The art market is competitive. Are there more options? With the possibility of art deals falling through, clients often desire to identify reserve artworks for their exchanges. They often ask how many works of art can be identified as part of a like-kind exchange. The answer is clearly stated in the Treasury regulations. The maximum number of properties that a taxpayer may identify as part of a like-kind exchange is: (1) three properties without regard to the fair market value (FMV) of the properties, or (2) any number of properties, as long as their aggregate FMV as of the end of the identification period doesn’t exceed 200 percent of the aggregate FMV of all the relinquished properties as of the date they were transferred by the taxpayer.9
What if I change my mind? A taxpayer executing a like-kind exchange has 45 days from the date the first relinquished property is transferred to the qualified intermediary to identify the replacement works the qualified agent should purchase.10 Replacement property is identified only if: (1) the taxpayer designates it as replacement property in a signed written document; and (2) that document is delivered before the end of the identification period to either the person obligated to transfer the replacement property to the taxpayer or any other person involved in the exchange other than the taxpayer.

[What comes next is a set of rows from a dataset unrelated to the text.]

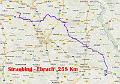 Burgmantreffen_Seßlach_2014_02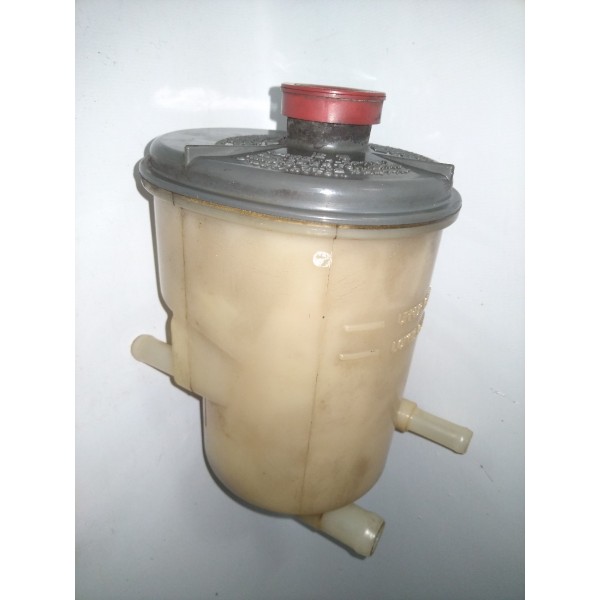 Reservatorio Fluido Hidráulico Honda Prelude 1992-1996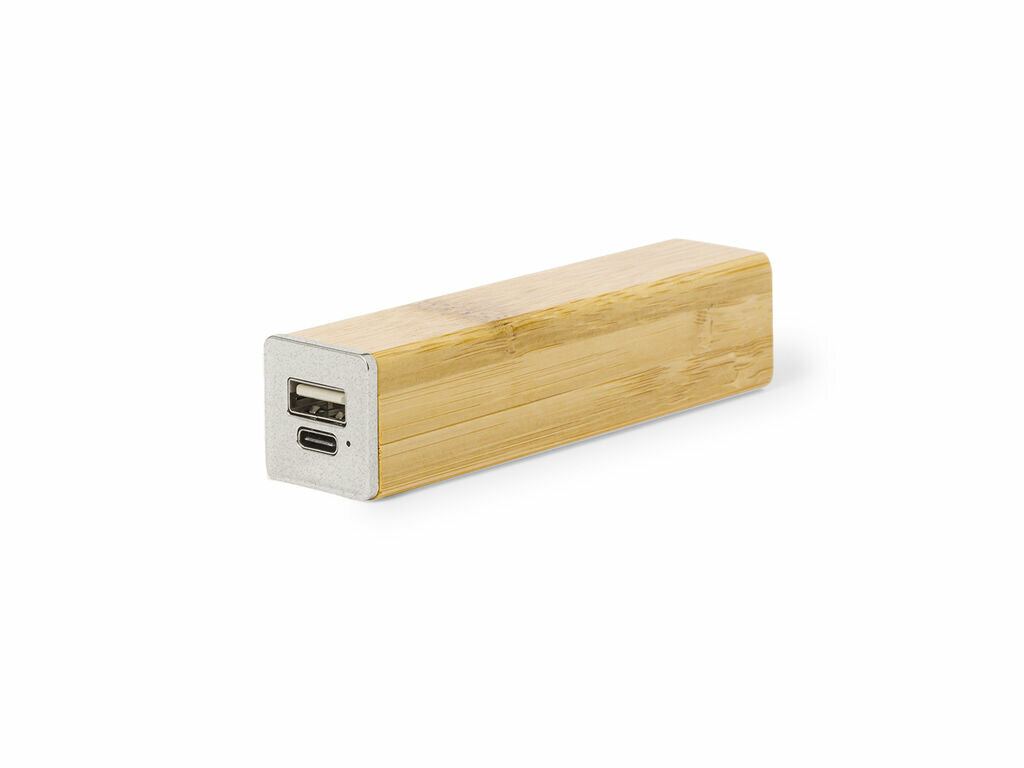 Power bank Godimer Power bank Godimer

Occasionally, clients will be considering purchasing artwork from a gallery exhibition of a single artist or from a set that the artist hasn’t completed. Clients will often select a work, and then, after the 45-day deadline, they’ll change their mind and decide to purchase another work from that exhibition or set. The question arises whether identifying a work by an artist, but not the exact work, within the 45-day period is sufficient.

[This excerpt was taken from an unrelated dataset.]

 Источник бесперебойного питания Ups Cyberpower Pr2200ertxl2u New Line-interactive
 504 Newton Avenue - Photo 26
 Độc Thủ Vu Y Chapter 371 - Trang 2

The answer is “probably not.” Replacement property must be identified in a written document or agreement that unambiguously describes the property. Personal property, generally, is unambiguously described if identified by a specific description of the particular type of property. For example, a truck is unambiguously described if described by a specific make, model and year.11 Analogously, artwork can be unambiguously described by listing the artist, title, medium, size and date. The identification of a work of art by listing some of these factors, but not the title, may not be sufficient to unambiguously identify that work.

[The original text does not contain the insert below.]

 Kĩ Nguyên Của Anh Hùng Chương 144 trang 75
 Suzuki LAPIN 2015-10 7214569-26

Can I use my art dealer as my qualified intermediary? Clients often want to use an art dealer they work with as their qualified intermediary. The dealer the client suggests is often one the client trusts, and the parties will question the need for formalities. However, the formalities and the selection of a qualified intermediary are crucial to ensure non-recognition of gain treatment.
Not just anyone can be a qualified intermediary. You must know the type of relationship your client has with the art dealer who agrees to serve as one. The Treasury regulations list requirements that limit who’ll qualify as a qualified intermediary. To qualify, the intermediary must not be a “disqualified person.” A person acting as the taxpayer’s employee, attorney, accountant, investment banker or broker or real estate broker within the 2-year period ending on the date of the transfer of the first of the relinquished properties is treated as a “disqualified person.”12 This definition of a disqualified person may prevent an art dealer to whom your client has consigned art within the last two years from serving as the qualified intermediary for your client’s like-kind exchange.
The qualified intermediary must enter into a written agreement with the taxpayer. The written agreement must require the intermediary to acquire the relinquished property from the taxpayer, transfer the relinquished property, acquire the replacement property and transfer the replacement property to the taxpayer.13 Therefore, no matter how much your client trusts the art dealer, the parties must sign an agreement.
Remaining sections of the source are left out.